* Data to use *
┌────────
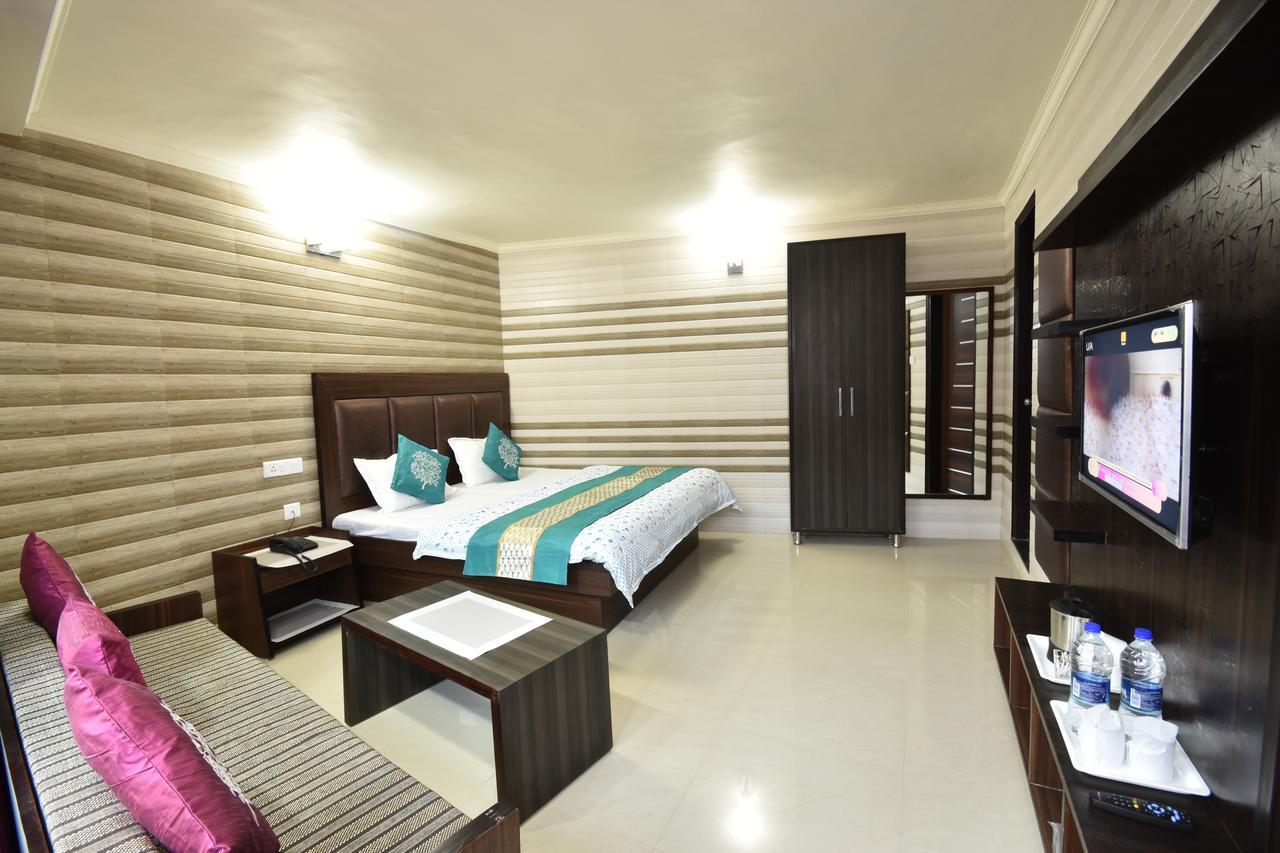 Deluxe Double Room Balcony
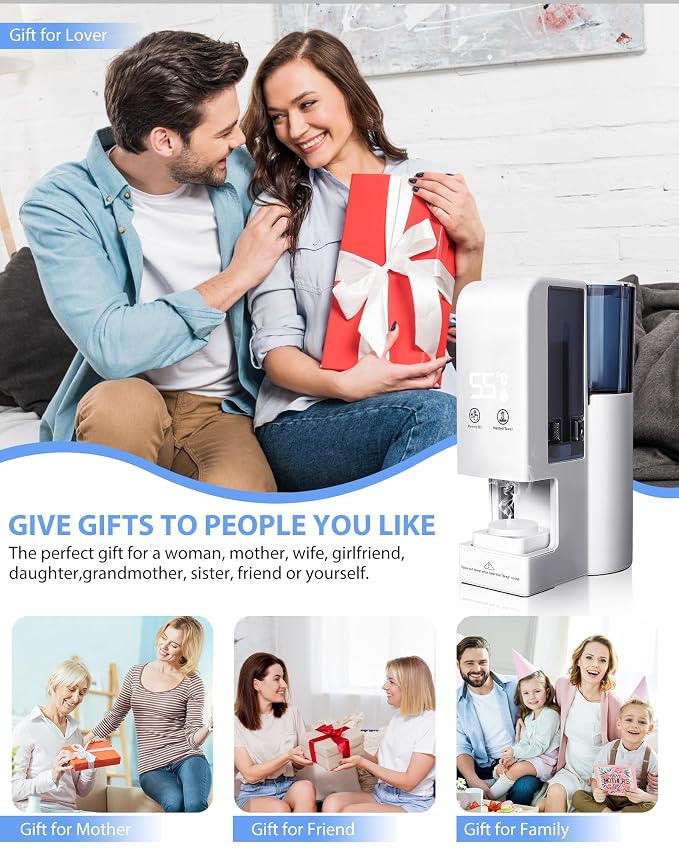 Hot Face Towel Heater Machine, Automatic Disposable Towel Warmer - Image 8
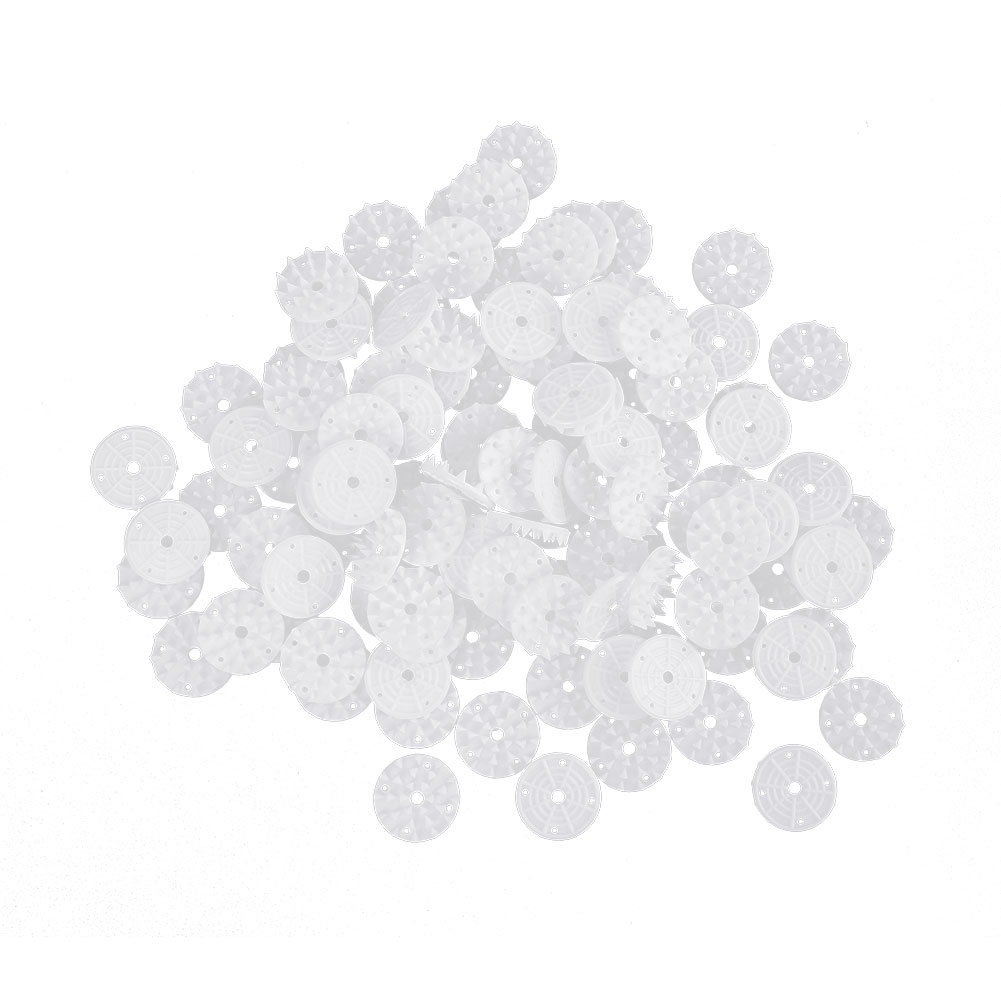 100pcs/set Lotus Acupressure Y - Pilates Yoga Matte recension och pris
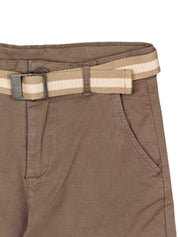 Pantaloni Marrone Losan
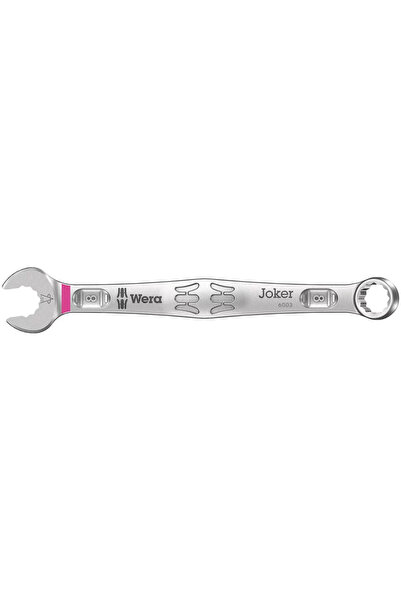 wera 6003 Joker 8mm Yıldız Açık Ağızlı Anahtar 05020200001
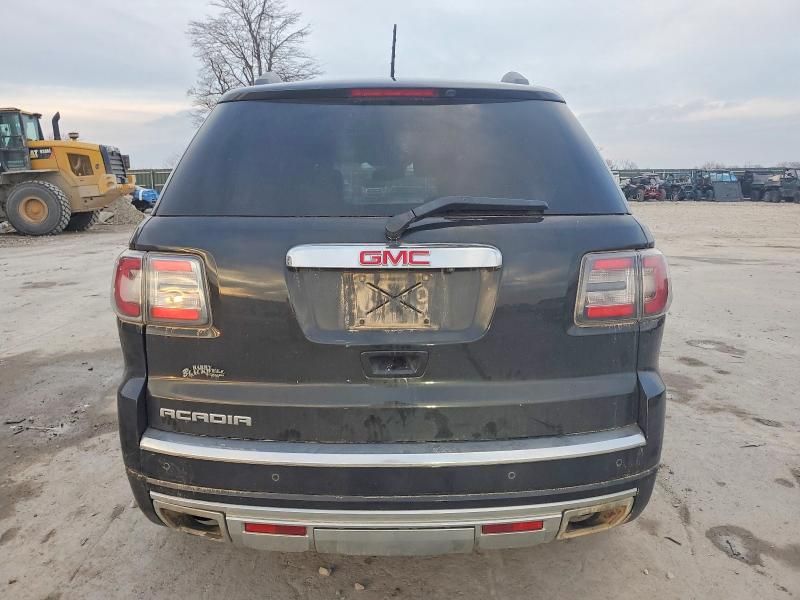 2015 GMC Acadia Denali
└────────
* Directions *
Please output the listing above in full, exactly as given, without its images.

* The answer *
 Deluxe Double Room Balcony
 Hot Face Towel Heater Machine, Automatic Disposable Towel Warmer - Image 8
 100pcs/set Lotus Acupressure Y - Pilates Yoga Matte recension och pris
 Pantaloni Marrone Losan
 wera 6003 Joker 8mm Yıldız Açık Ağızlı Anahtar 05020200001
 2015 GMC Acadia Denali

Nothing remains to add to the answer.